* REQUIREMENT *
No pictures belong in the copy. Set down exactly the lines from the one that contains "MOTIVATED VENDORS - Priced Below RV!" through the end of the data.

Short web captions
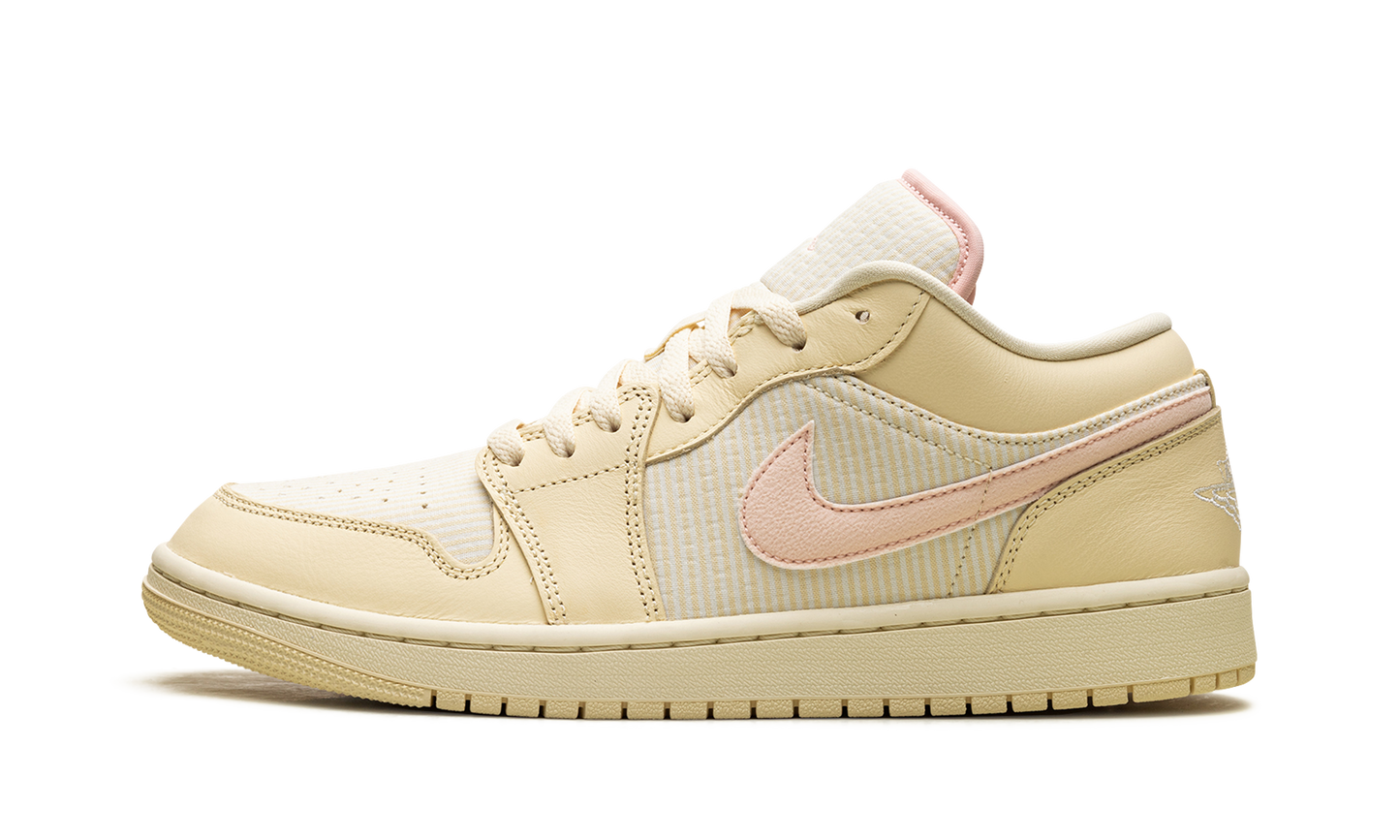 Jordan 1 Low SE WMNS "Seersucker"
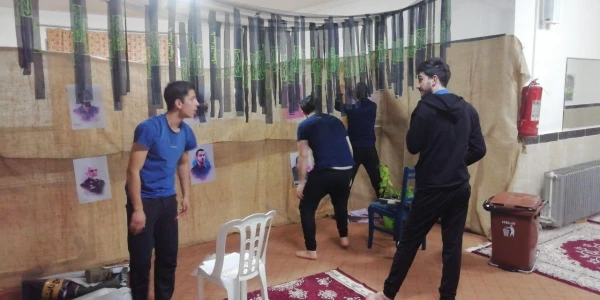 آماده سازی ایستگاه جذب راهیان نور تحت عنوان (کافه شهدا) به همت بسیج دانشجویی دانشگاه فرهنگیان نیر 3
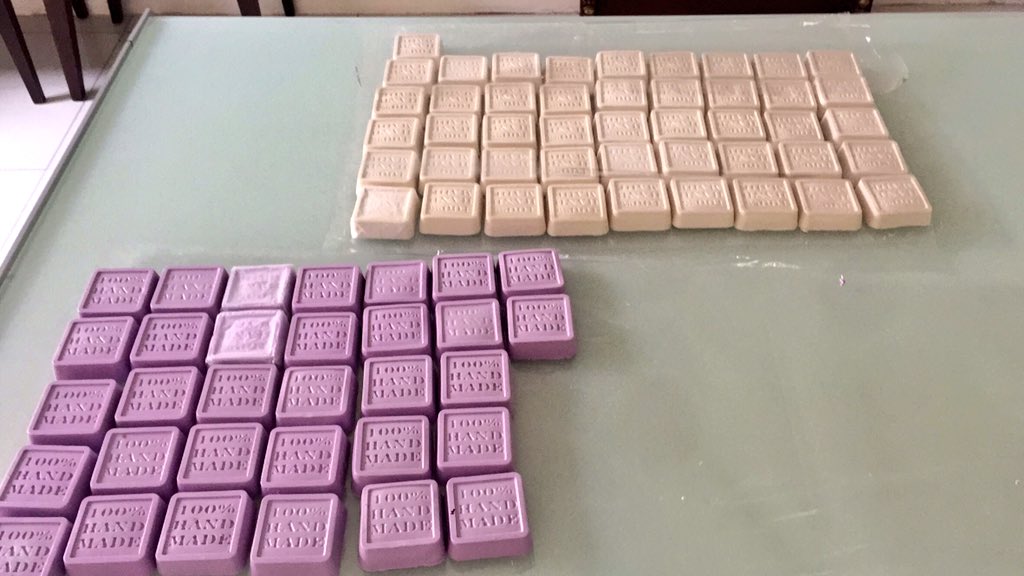 balienhle's tweet photo. Homemade and handcrafted lavender and oatmeal soaps by Mbalibella #MondayMotivation supportlocalbusiness https://t.co/UBj5DM3vJL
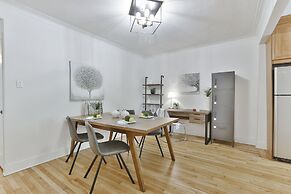 Lovely 1BR - 5mins from Laurier Metro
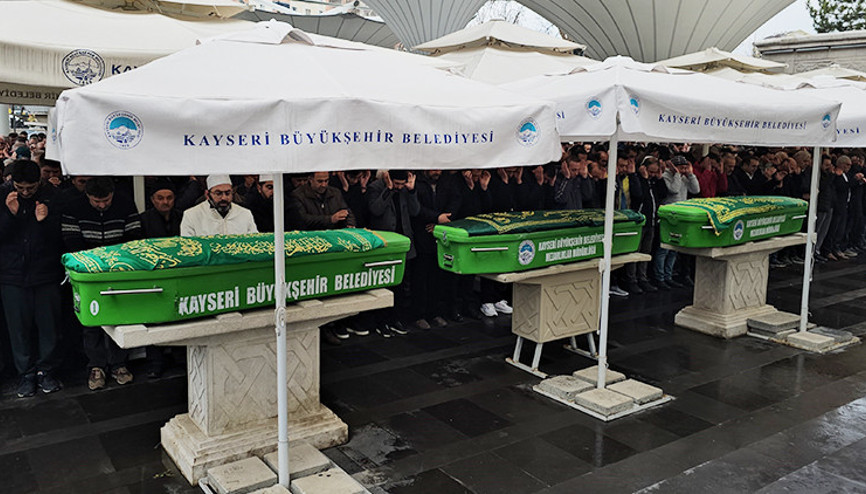 Anne ve iki çocuğu yan yana son yolculuğuna uğurlandı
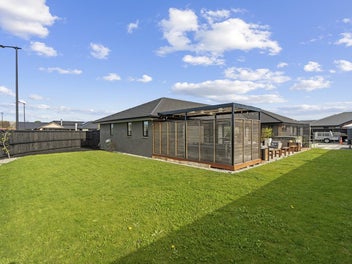 MOTIVATED VENDORS - Priced Below RV!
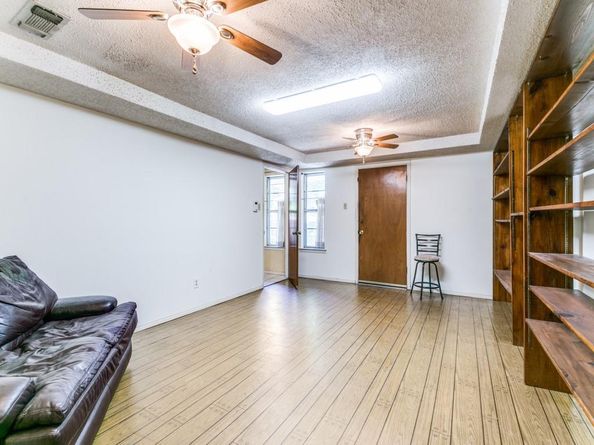 1132 N Irving Heights Drive , Irving Texas 75061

* OUTPUT *
 MOTIVATED VENDORS - Priced Below RV!
 1132 N Irving Heights Drive , Irving Texas 75061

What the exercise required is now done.